3.1. According to § 38 AVG, which according to § 17 VwGVG is also to be applied mutatis mutandis in administrative court proceedings, an authority can suspend proceedings until a final decision has been taken on a preliminary question, which should be decided as the main question by other administrative authorities or by the courts, if the preliminary question already is the subject of pending proceedings before, inter alia, the competent court or such proceedings are pending at the same time.

3.2. A main question in this sense can also be a question referred in a preliminary ruling procedure pending before the ECJ. It entitles you to suspension according to § 38 AVG if it is prior to the administrative court proceedings (cf. e.g. VwGH 13.12.2011, 2011/22/0316). A legal question is also prejudicial to a "merely" similar legal question, even if the same legal regulation of the same legislator is not affected (cf. recently VwGH September 13, 2017, Ra 2017/12/0068).

3.3. In the present case, the authority concerned rejected the BF's data protection complaint with regard to the right to information. The legal assessment raises the question of how far the right to a copy extends and to what extent the BF is entitled to the publication of the entire video material, i.e. a complete, true-to-original reproduction of the video.

3.4. The under I.4. The questions cited, which were submitted to the Court of Justice of the European Union, are in any case similar to the legal questions to be resolved in the present proceedings in the sense of the case law cited above and are also prejudicial. The questions submitted are relevant to the present procedure in order to be able to assess the scope and scope of the right to information in accordance with Art. 15 GDPR.

3.5. The suspension of the complaints procedure - with not just a procedural decision (cf.

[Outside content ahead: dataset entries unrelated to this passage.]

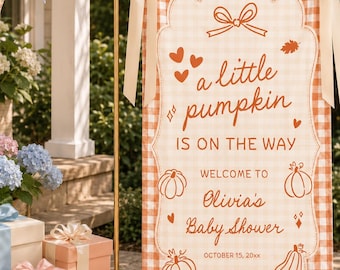May include: A vertical rectangular fabric banner with an orange and white gingham pattern, featuring the text "a little pumpkin IS ON THE WAY" and "WELCOME TO Olivia's Baby Shower OCTOBER 15, 20xx" with pumpkin, heart, and leaf illustrations.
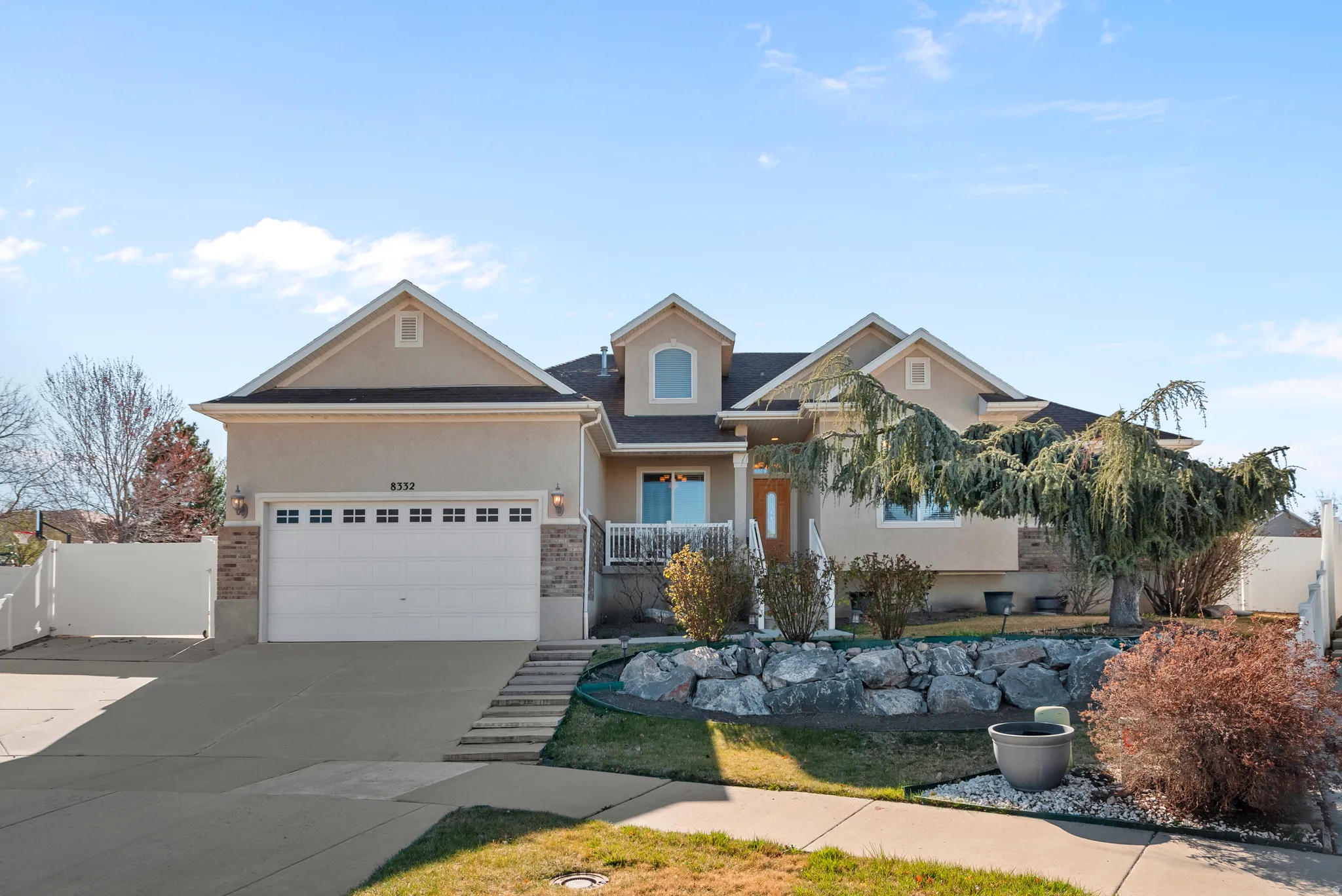 View of front of house with stucco siding, an attached garage, driveway, brick siding, and covered porch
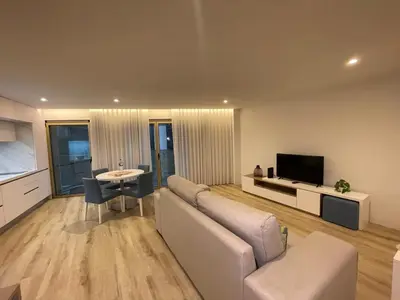 a living room with a couch and a tv and a table at Hortas Residence 13 in Funchal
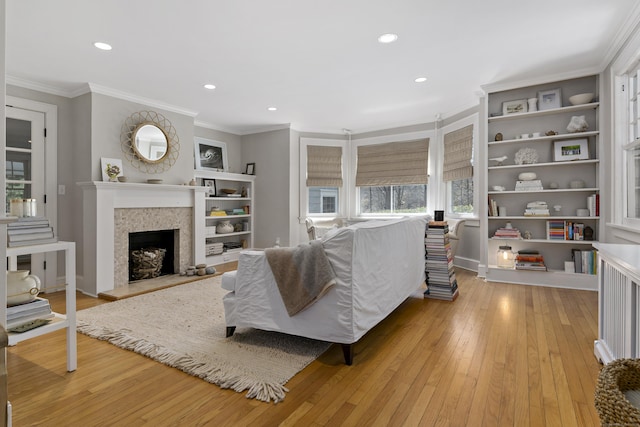 634 Nod Hill Rd, Wilton, CT 06897 - living room with light wood-type flooring, a fireplace with raised hearth, crown molding, recessed lighting, and built in features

Administrative Court of December 20, 2017, Ra 2017/12/0019) - will therefore be suspended until the preliminary ruling by the ECJ (pending under ECJ C-487/21) with regard to the questions submitted by the BVwG (see VwGH October 20, 2021, Ra 2021/20/0246).

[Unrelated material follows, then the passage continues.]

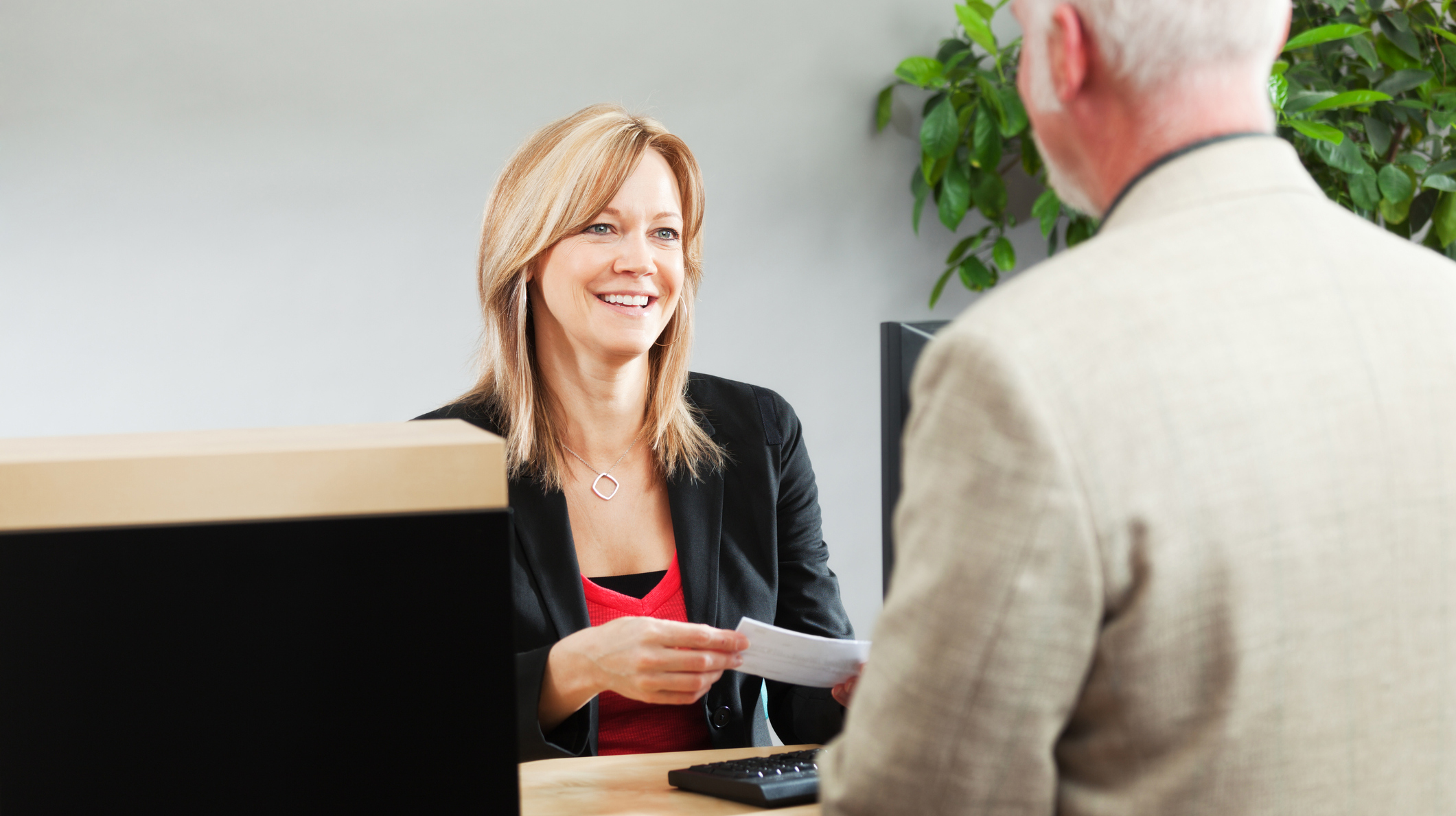 Bank Teller Serving Customer Over Retail Banking Service Counter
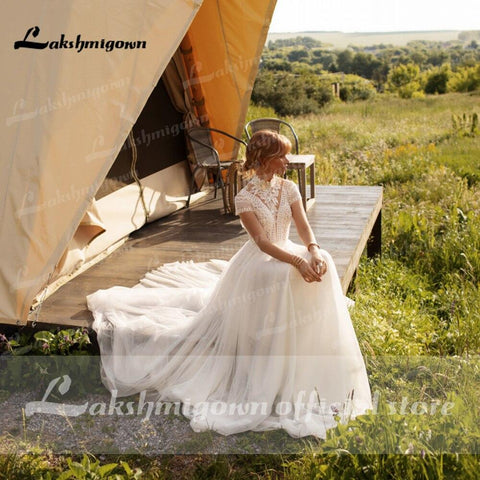 Robe de mariée Baoleely en dentelle et tulle, col haut, manches courtes, coupe trapèze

3.6. It was therefore to be decided accordingly.

Re B) Inadmissibility of the revision:

Pursuant to § 25a Para. 1 VwGG, the administrative court has to pronounce in its ruling or resolution whether the revision is admissible in accordance with Art. 133 Para. 4 B-VG. This statement needs a brief justification.

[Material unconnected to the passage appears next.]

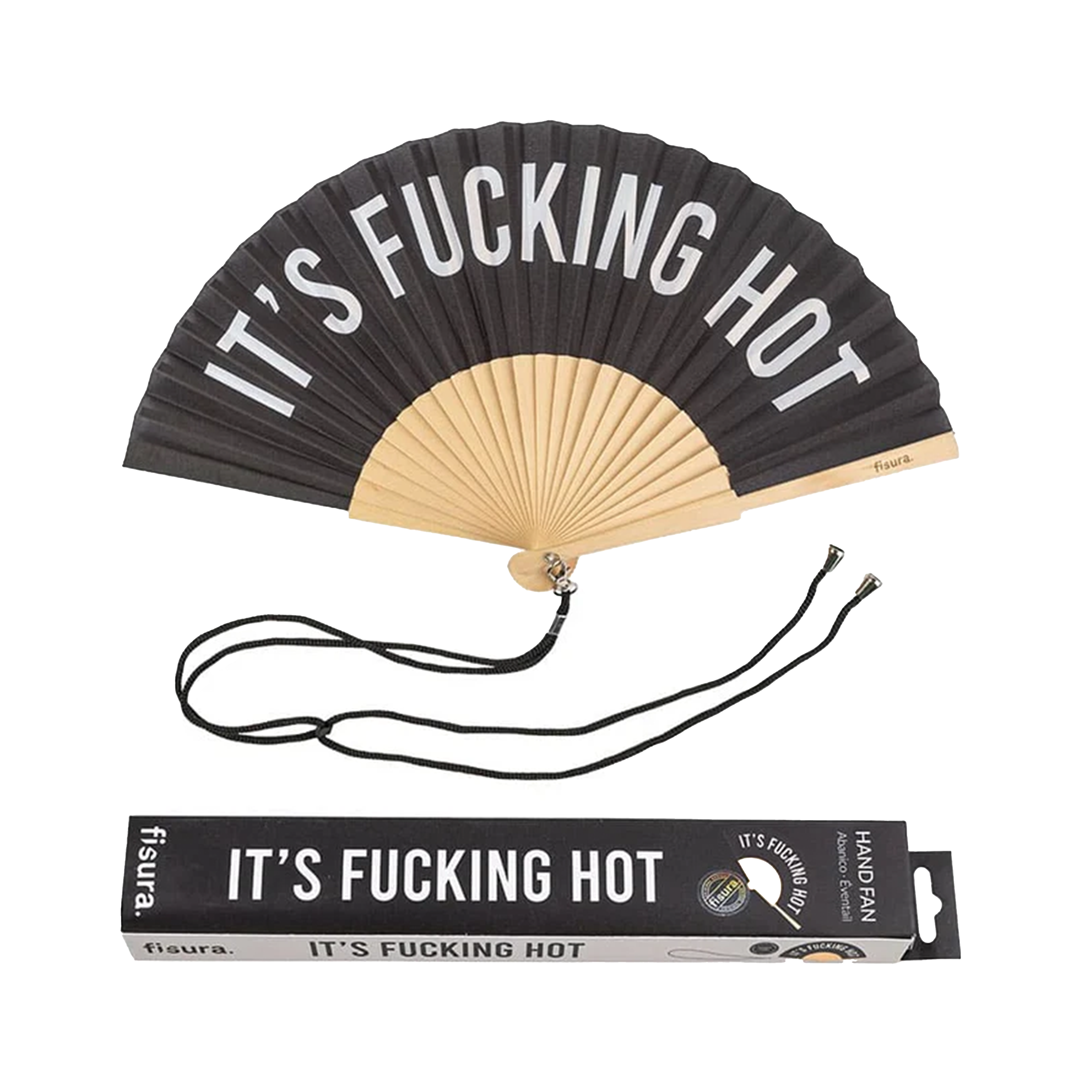 Opened black fan emblazoned with the words "It's fucking hot" above a matching stylish box.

According to Art. 133 para. 4 B-VG, the revision is not permitted because the decision does not depend on the solution of a legal question that is of fundamental importance. With regard to the application of § 38 AVG, the adjudicating court was able to rely on a well-established case law of the Administrative Court, which was cited in each case. The assessment that the legal question in question – pending before another court (the ECJ) – is preliminary or “similar” to the proceedings here, was based on the principles established by the Administrative Court and is not reversible as an individual case-related assessment (cf. VwGH September 13, 2017 , Ra 2017/12/0068).